Integrin-mediated leukocyte adhesive interactions: regulation by haemostatic factors.

Chavakis T, Preissner KT.

Medizinische Klinik I, Universitätsklinikum Heidelberg, Im Neuenheimer Feld 410, 69120 Heidelberg, Germany. triantafyllos.chavakis@med.uni-heidelberg.de

Leukocyte recruitment to sites of inflammation, infection or vascular injury is a complex event that is orchestrated by a tightly coordinated sequence of interactions between leukocytes and cells of the vessel wall, especially endothelial cells. These interactions are controlled by the expression and activation of various adhesion receptors and protease systems.
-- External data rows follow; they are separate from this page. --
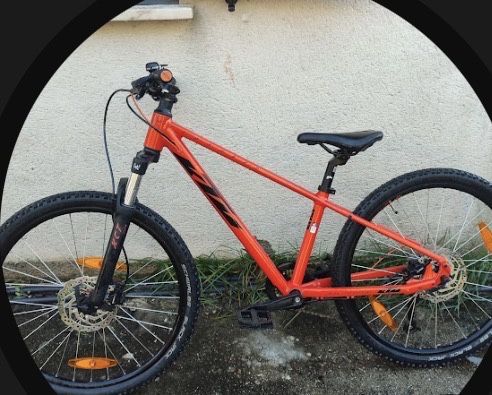 Ktm vermelha para adolescente tamanho das rodas 24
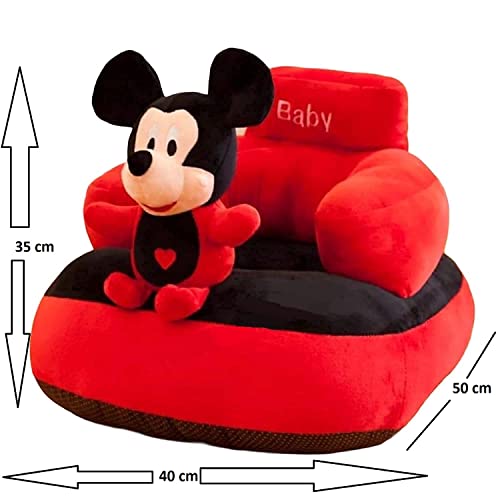 Homescape-Baby-Soft-Plush-Cushion-Baby-Sofa-Seat-Or-Rocking-Chair-for-Kids-Use-for-Baby-0-to-2-Years-Red-and-Black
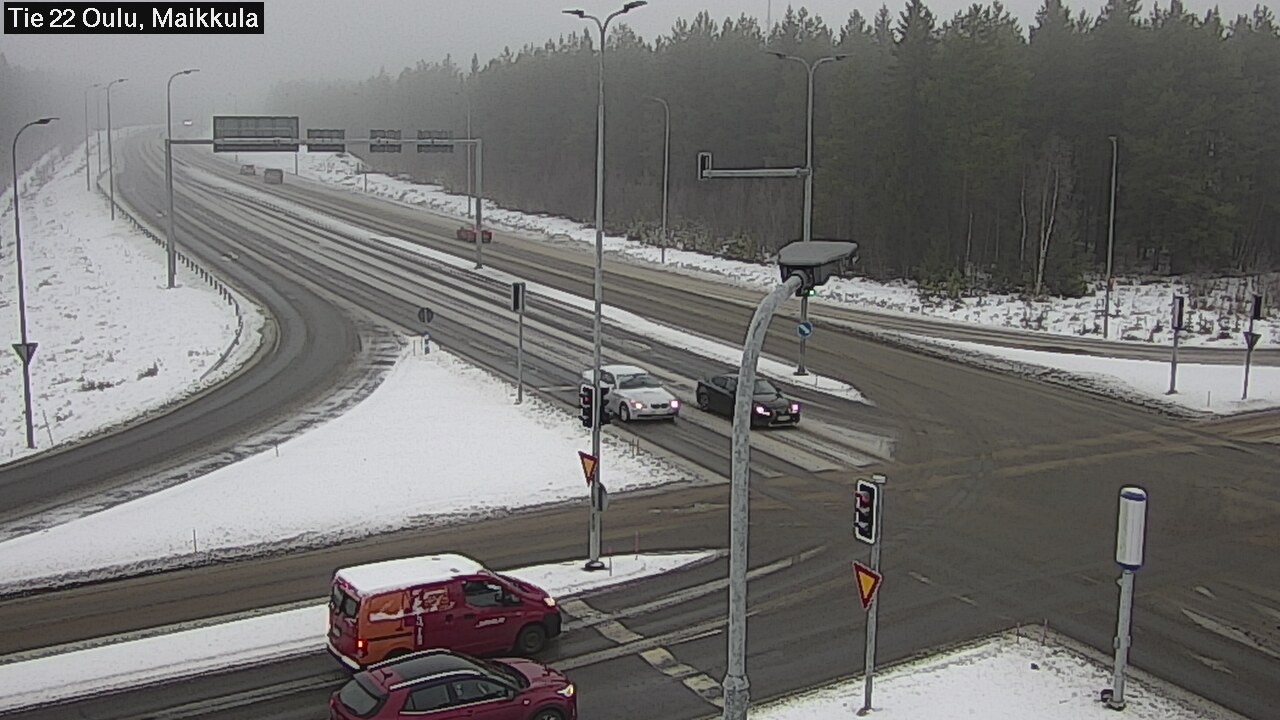 Weather Camera Image Road 22 Oulu Maikkula, Oulu, Pohjois-Pohjanmaa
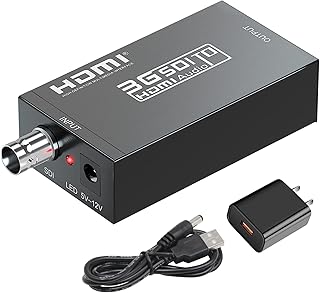 SDI to HDMI Converter , 1080p HD-SDI / 3G-SDI/ SD-SDI to HDMI Video Audio Converter , BNC to HDMI Adapter for SDI Camera Monitor Projector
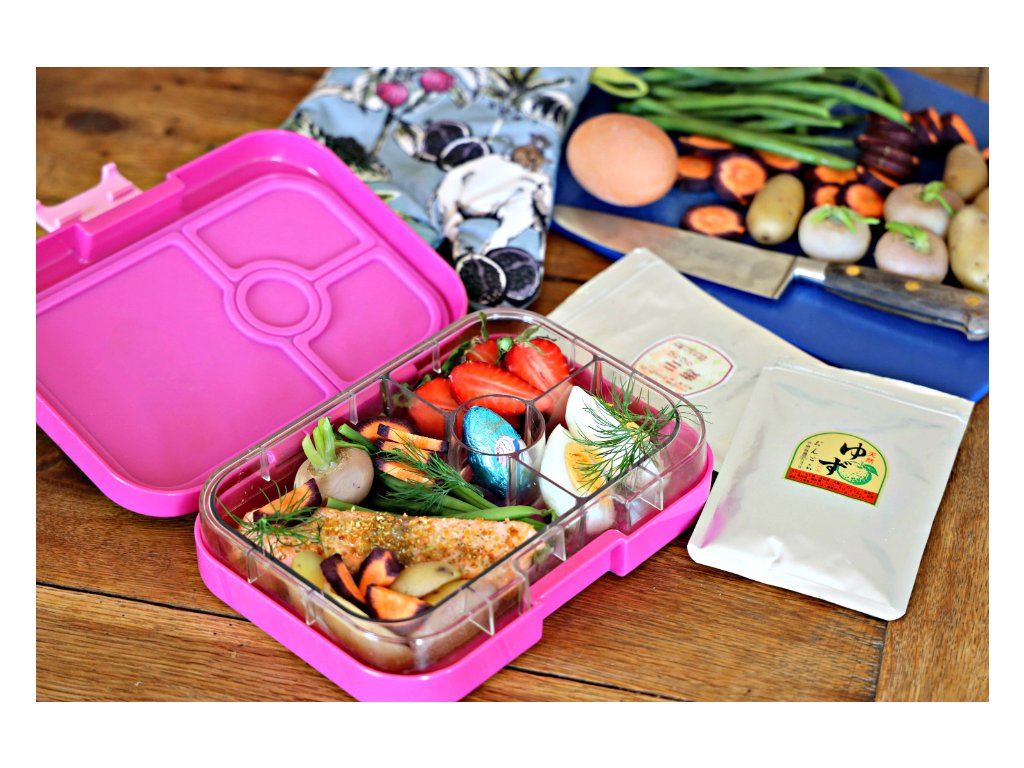 Kids lunch box PANINO POWER PINK 750 ml, 4 compartments, Yumbox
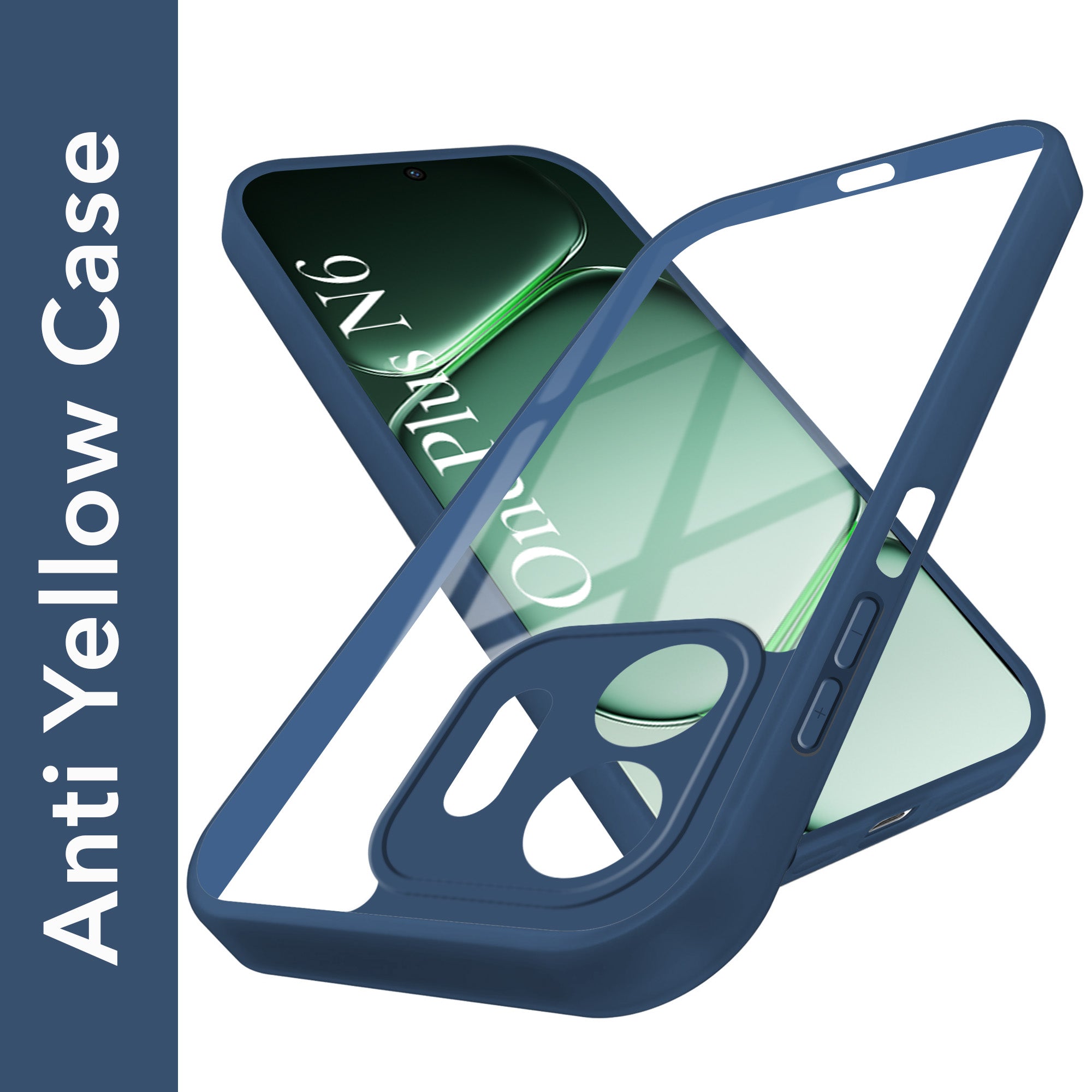 For OnePlus N6 Back Cover Case Ultra-Hybrid (Lifetime Anti Yellow | Anti Scratch | Crystal Clear Shockproof)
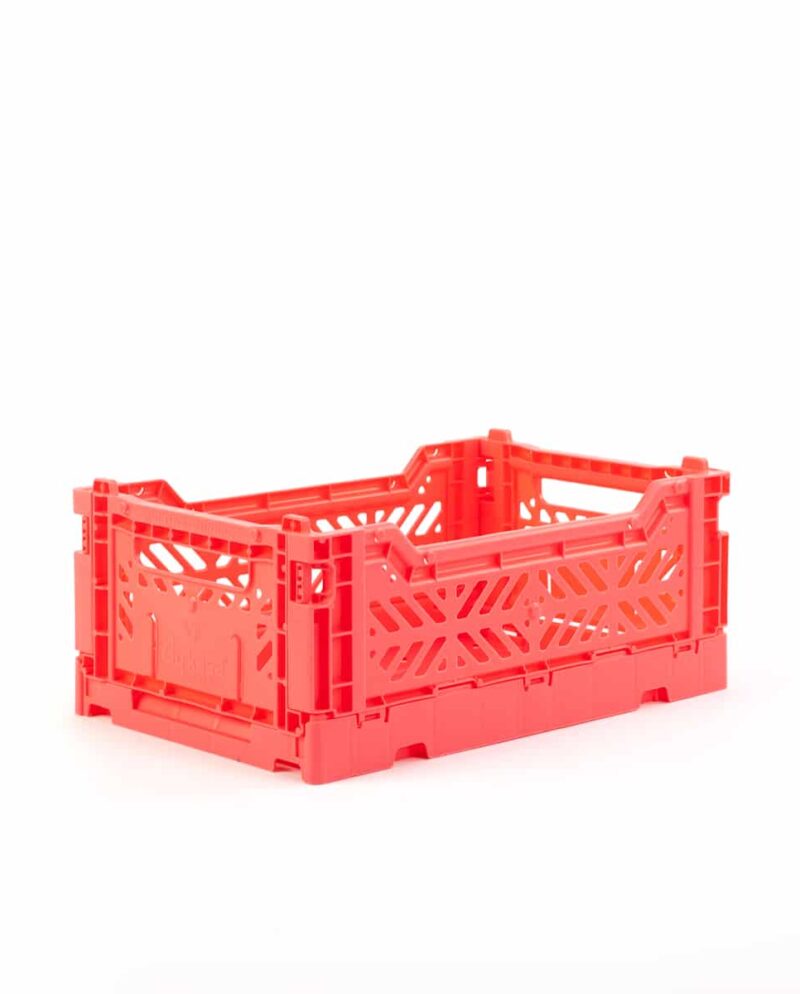 Dark Pink Mini Folding Crate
This review will focus on novel aspects of the regulation of integrin-dependent leukocyte adhesion by haemostatic factors. Here, so-called non-haemostatic properties of endogenous proteins such as high molecular weight kininogen, urokinase receptor, urokinase, as well as plasminogen and its cleavage product angiostatin in leukocyte adhesion and transmigration will be summarized. The crosstalk between haemostatic factors and inflammatory reactions may contribute to a better understanding of inflammatory vascular disorders and to the development of novel therapeutical concepts.

Publication Types:
Research Support, Non-U.S. Gov't
Review

PMID: 15711718 [PubMed - indexed for MEDLINE]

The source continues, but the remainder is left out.